» **What is required**:
Use the entries below and reproduce exactly the lines from the one containing "Vista 4 de Pentel" down to the one containing "Maxgear 33-1229 - Kit", both of them included.

» **Data extracts**:
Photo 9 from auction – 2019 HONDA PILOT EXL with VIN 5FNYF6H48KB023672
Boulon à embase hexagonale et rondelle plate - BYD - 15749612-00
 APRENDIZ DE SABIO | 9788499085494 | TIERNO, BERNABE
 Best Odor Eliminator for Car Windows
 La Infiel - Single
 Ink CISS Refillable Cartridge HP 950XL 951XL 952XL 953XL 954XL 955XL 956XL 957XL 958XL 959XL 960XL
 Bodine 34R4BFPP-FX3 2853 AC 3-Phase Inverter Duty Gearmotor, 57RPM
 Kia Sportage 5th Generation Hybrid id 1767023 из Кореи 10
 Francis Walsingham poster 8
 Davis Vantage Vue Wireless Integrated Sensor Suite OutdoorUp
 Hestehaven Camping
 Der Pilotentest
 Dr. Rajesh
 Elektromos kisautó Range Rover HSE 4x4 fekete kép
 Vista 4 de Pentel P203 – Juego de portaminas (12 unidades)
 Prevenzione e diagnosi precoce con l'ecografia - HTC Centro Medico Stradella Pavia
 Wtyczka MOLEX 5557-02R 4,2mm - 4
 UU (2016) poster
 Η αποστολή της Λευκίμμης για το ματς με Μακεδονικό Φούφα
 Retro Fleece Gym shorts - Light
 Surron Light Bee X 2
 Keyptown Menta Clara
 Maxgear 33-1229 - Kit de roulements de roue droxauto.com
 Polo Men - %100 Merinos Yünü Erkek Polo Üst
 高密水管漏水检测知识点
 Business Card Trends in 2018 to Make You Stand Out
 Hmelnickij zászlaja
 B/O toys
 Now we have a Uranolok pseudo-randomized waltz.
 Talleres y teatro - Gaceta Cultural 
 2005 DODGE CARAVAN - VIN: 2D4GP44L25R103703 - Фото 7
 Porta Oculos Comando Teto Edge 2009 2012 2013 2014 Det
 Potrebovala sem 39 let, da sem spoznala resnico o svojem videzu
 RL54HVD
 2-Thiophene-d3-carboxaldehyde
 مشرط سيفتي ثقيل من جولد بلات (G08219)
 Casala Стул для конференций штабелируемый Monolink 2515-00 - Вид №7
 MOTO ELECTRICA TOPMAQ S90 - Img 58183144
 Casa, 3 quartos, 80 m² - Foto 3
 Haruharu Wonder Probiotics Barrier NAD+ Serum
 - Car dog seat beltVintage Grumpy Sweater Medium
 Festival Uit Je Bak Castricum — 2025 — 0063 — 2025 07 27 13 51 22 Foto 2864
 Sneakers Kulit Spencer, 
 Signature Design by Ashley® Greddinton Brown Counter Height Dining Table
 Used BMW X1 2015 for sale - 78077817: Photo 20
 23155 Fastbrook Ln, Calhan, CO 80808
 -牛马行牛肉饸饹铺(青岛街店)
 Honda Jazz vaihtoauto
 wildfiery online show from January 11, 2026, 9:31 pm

» **Solution to this problem**:
 Vista 4 de Pentel P203 – Juego de portaminas (12 unidades)
 Prevenzione e diagnosi precoce con l'ecografia - HTC Centro Medico Stradella Pavia
 Wtyczka MOLEX 5557-02R 4,2mm - 4
 UU (2016) poster
 Η αποστολή της Λευκίμμης για το ματς με Μακεδονικό Φούφα
 Retro Fleece Gym shorts - Light
 Surron Light Bee X 2
 Keyptown Menta Clara
 Maxgear 33-1229 - Kit de roulements de roue droxauto.com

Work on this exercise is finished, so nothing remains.